Seorang ibu dari guru saya meninggal. Saya melayat ke rumahnya bersama ibu saya. Awalnya tidak terpikir aneh-aneh, sampai-sampai melihat orang sibuk bersiap memandikan jenazah.
Ingatan saya terlempar ke pelajaran agama waktu sekolah dulu. Soal memandikan jenazah yang mesti mukhrimnya. Saya sebagai anak perempuan berkewajiban nantinya memandikan jenazah almarhumah ibu.
Saya jadi berefleksi. Apa saya sudah benar-benar siap memandikan jenazah almarhumah ibu saya kelak? Apa saya sudah paham dengan benar tata caranya? Apakah ada bacaan doa yang saya lupa?
Almarhumah ibu guru saya sendiri akan dimandikan di garasi rumahnya. Kebetulan ada pintu penutupnya dengan keran di luar yang bisa jadi aliran air lewat selang.
Saya jadi berefleksi lagi. Di mana kelak nantinya jenazah saya atau keluarga saya nanti dimandikan? Di bagian mana rumah saya yang memungkinkan? Yang leluasa, punya akses air, dan punya akses pembuangan air yang baik pula.
Saya bertemu guru saya. Memeluknya sebagai bentuk bela sungkawa. Setelah menyalami para pelayat yang hadir, guru saya lalu pergi menyiapkan banyak hal.
Saya kembali berefleksi. Saya anak perempuan tertua di keluarga. Saya lah yang sudah seharusnya bertanggung jawab dan mampu memanage semua hal nantinya bersama kakak-kakak laki-laki saya. Apakah saya sudah cukup siap menyiapkan ini itu terkait pemakaman? Terkait pengajian? Terkait para pelayat? Apa saya sudah cukup kuat dan tegar nantinya untuk tidak nangis? Untuk lebih memilih membohongi sejenak soal kehilangan dan berusaha persiapkan tenda, kursi, minum, kain kafan, dan lainnya?
Apakah saya sudah siap mengabari sanak saudara rekan dan kenalan tentang kabar duka? Menjawab berbagai pertanyaan mereka? Juga berusaha terlihat tegar di depan mereka?
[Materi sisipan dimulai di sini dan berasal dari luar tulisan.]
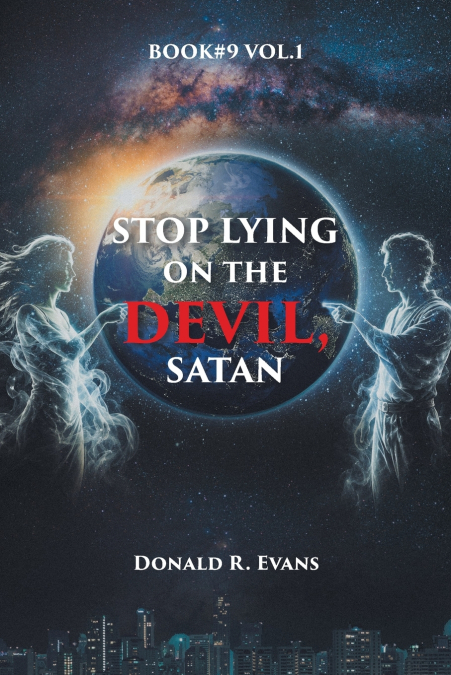 Stop Lying on the Devil, Satan
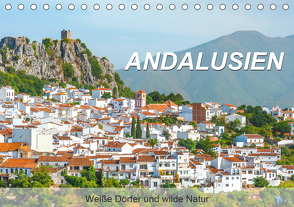 Andalusien – Weiße Dörfer und wilde Natur (Tischkalender 2021 DIN A5 quer) von Feuerer,  Jürgen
Apakah saya sudah siap menyelenggarakan pengajian 7 harian, 40 harian? Cetak yasin dan ini itu?
Apakah saya sudah siap dengan kehilangan sosok-sosok terpenting di hidup saya? Apakah saya sudah siap menggantikan peran mereka, khususnya ke adik saya?
Saya menangis di Go-Jek berefleksi tentang kabar duka. Mempertanyakan diri sendiri soal tataran ilmu agama, juga soal mental seorang dewasa. Saya masih begitu dangkal, juga kekanak-kanakan.
Padahal, kematian itu sewaktu-waktu bisa datang sesuai kehendak-Nya.